Kathleen Cleaver, Black Panther Activist and Educator born

Kathleen Cleaver

Kathleen Cleaver was born on this date in 1945. She is a Black educator, lawyer, writer, and activist.

Born in Dallas, Texas, Kathleen Neal Cleaver's father was a sociology professor at Wiley College, and her mother held a degree in Mathematics. With her father's work, the family spent many of her early years abroad in Liberia, the Philippines, and Sierra Leone. Cleaver completed high school at the Georgia School in Philadelphia in 1963. Cleaver dropped out of Barnard College in 1966 as a sophomore to work full-time with the Student Nonviolent Coordinating Committee (SNCC), where she served in the Campus Program.

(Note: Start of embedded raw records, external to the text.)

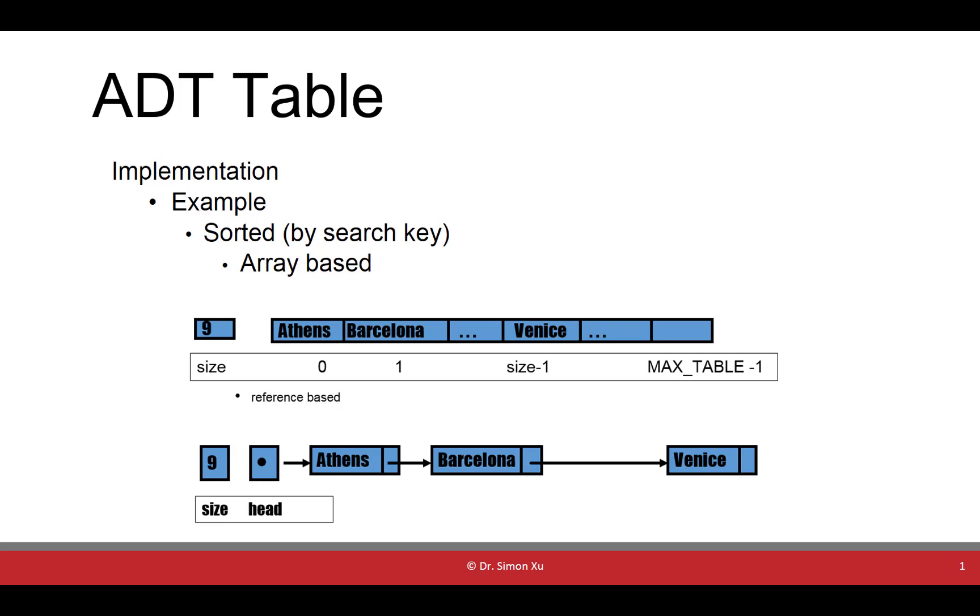We could use array-based or reference-based. Both implementations should maintain a count of the items in the table.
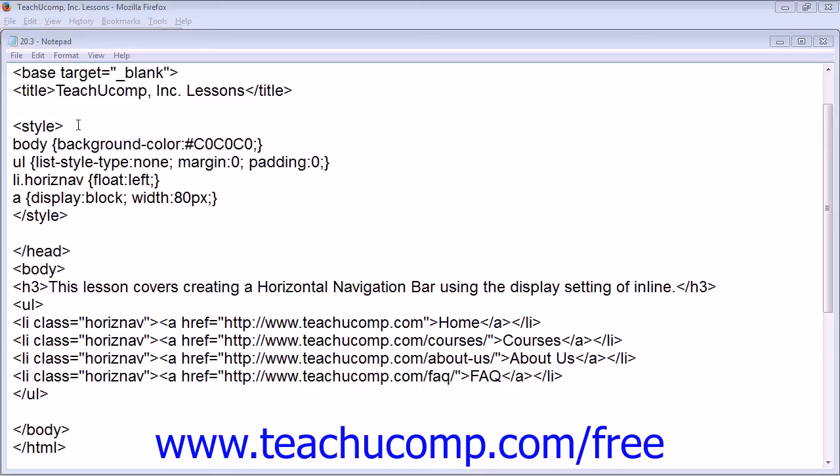When using the float property, you assign it to float the individual list items and not the unnumbered list as a whole. This is important to remember as you will need to specify a class for each list item.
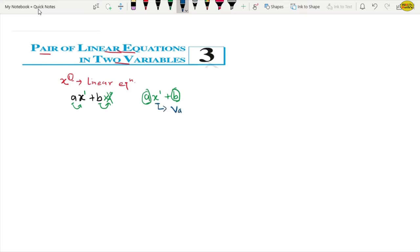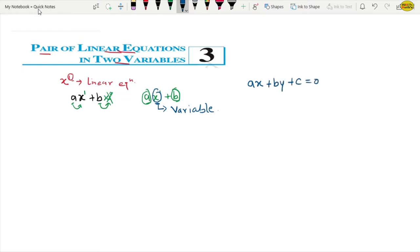We have studied one variable. One variable means simple x. Now we want to learn two variables, which means two unknown values. So what will be the standard form? It will be AX plus BY plus C equals to 0. AX has x — one variable. BY has another variable y. So we have two variables.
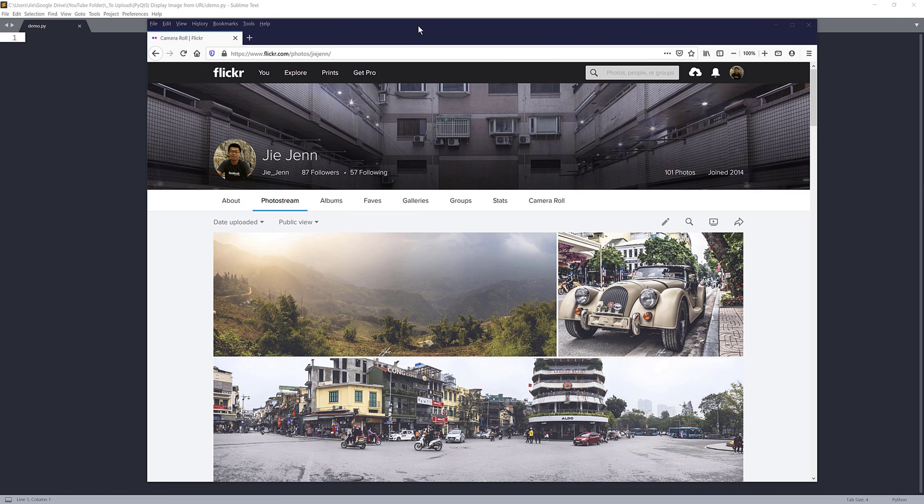Hey, how's it going guys? Welcome to another PyQt5 tutorial video. My name is Jay. In this lesson, I'll be going over the steps to display an image from the web. Fortunately, displaying an image is pretty straightforward.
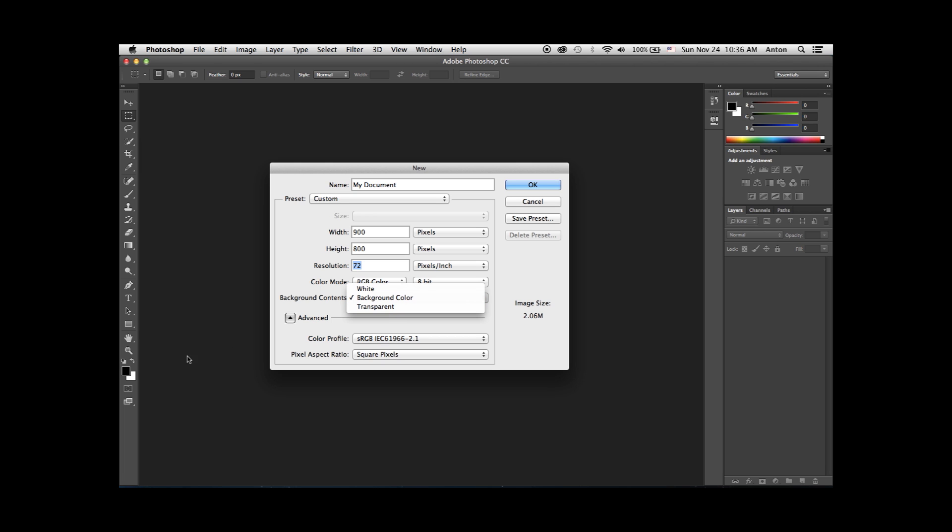To find the current background color, have a look at the Photoshop toolbar on the left. At the bottom, you will see two colors. The front one is the foreground color, and the color behind the foreground color is the background color. This color will be used for your document's background color, should you select background color in the options.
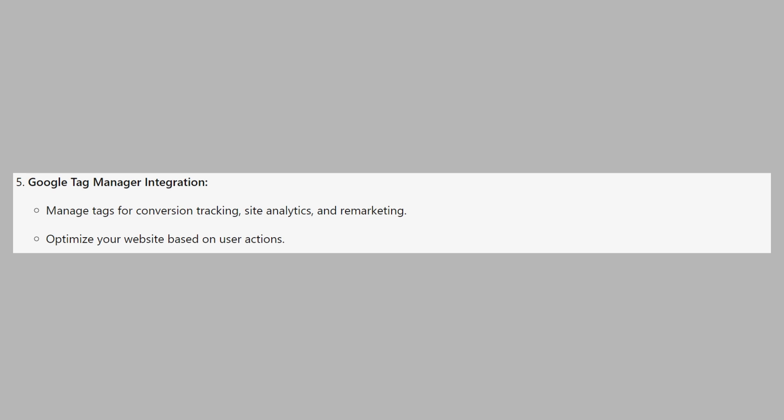So that's how to add a plugin in Hostinger website builder. Make sure to use the links down in the description to get started with Hostinger.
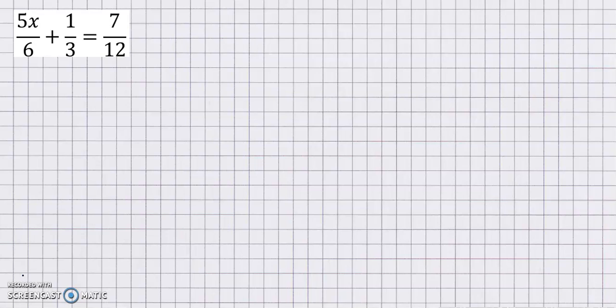This is Part 2 of the topic about rational equations. We would like to know the value of X in: 5x over 6 plus one-third is equal to 7 over 12.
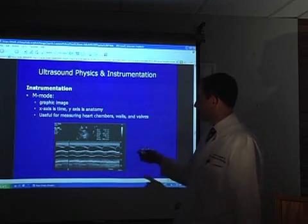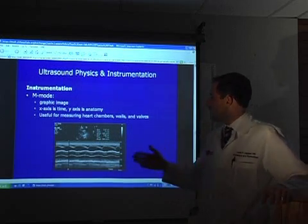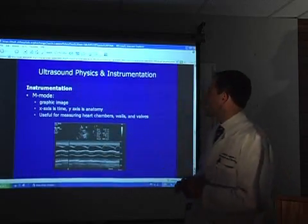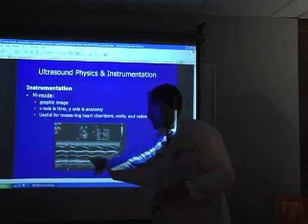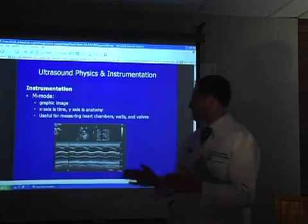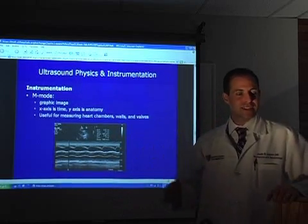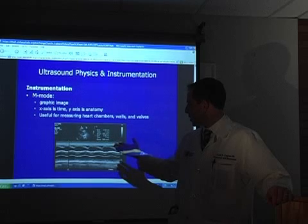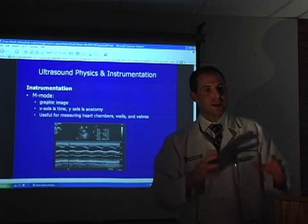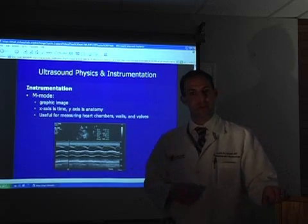Here's an example of M-mode. In cardiac applications you may see this, and on labor and delivery you can get a fetal heartbeat this way too. It's a graphic image — your standard 2D B-mode image is shown up top, and the application below shows time on the x-axis with anatomy on the y-axis. You can look at changes over time, measure intervals of heartbeats, and examine cardiac parameters like heart chambers, walls, and valves. It gives you a way to measure the change in that B-mode image over time.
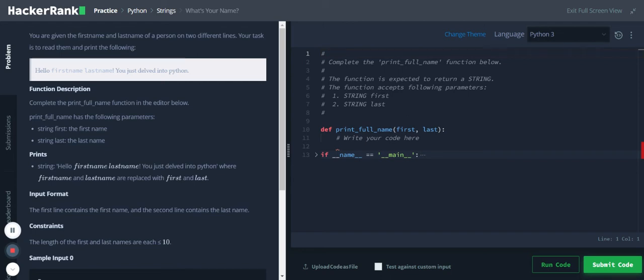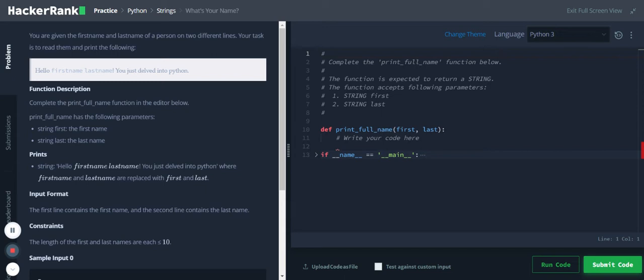Hi Python strings, what's your name? You are given the first name and last name of a person on two different lines. Your task is to read them and print the following: hello first name last name you just read into Python. Okay, this seems simple enough, let's start with the code.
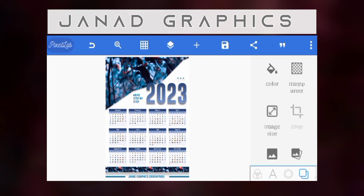Hello guys, welcome back to this channel. Today I'm going to show you how to design a calendar. We are about getting into a new year, so I'm going to show you how to design a calendar and hang it inside your room yourself after printing. This is the 2023 flyer I designed. Without wasting much of our time, let's get started.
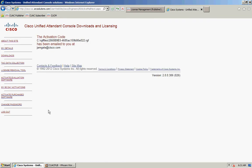It's then going to confirm that the activation code has been emailed to you. Once you've received the email with the license file, go ahead and save that file somewhere on your machine.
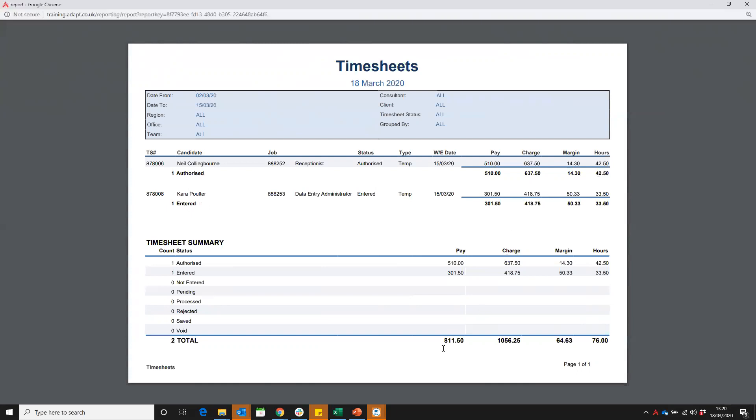What's great is at the bottom you can then see the total pay charge, even better the total margin, and the hours that you've built in that period. As you can see, this is a brilliant report.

From 1967 to 1971, Cleaver was the communications secretary of the Black Panther Party, the first woman member of their Central Committee. She married Eldridge Cleaver in 1967. After sharing years of exile with her former husband, she returned to the United States in late 1975. She graduated summa cum laude with a B.A. in history from Yale University in 1984 and was elected to Phi Beta Kappa.

After receiving a J.D. from Yale Law School in 1989, Cleaver became an associate at the New York Cravath, Swain, and Moore law firm. Afterward, she served as a clerk for the late Judge A. Leon Higginbotham of the U.S. Court of Appeals for the Third Circuit. While an assistant professor of law at Emory University, she served on Georgia's Supreme Court Commission on Racial and Ethnic Bias in the Courts and became a board member of the Atlanta-based Southern Center for Human Rights. She devoted many years to the defense of Elmer "Geronimo" Pratt, a former Black Panther Party leader who won his habeas corpus petition in 1997 after spending 27 years in prison for a murder he did not commit.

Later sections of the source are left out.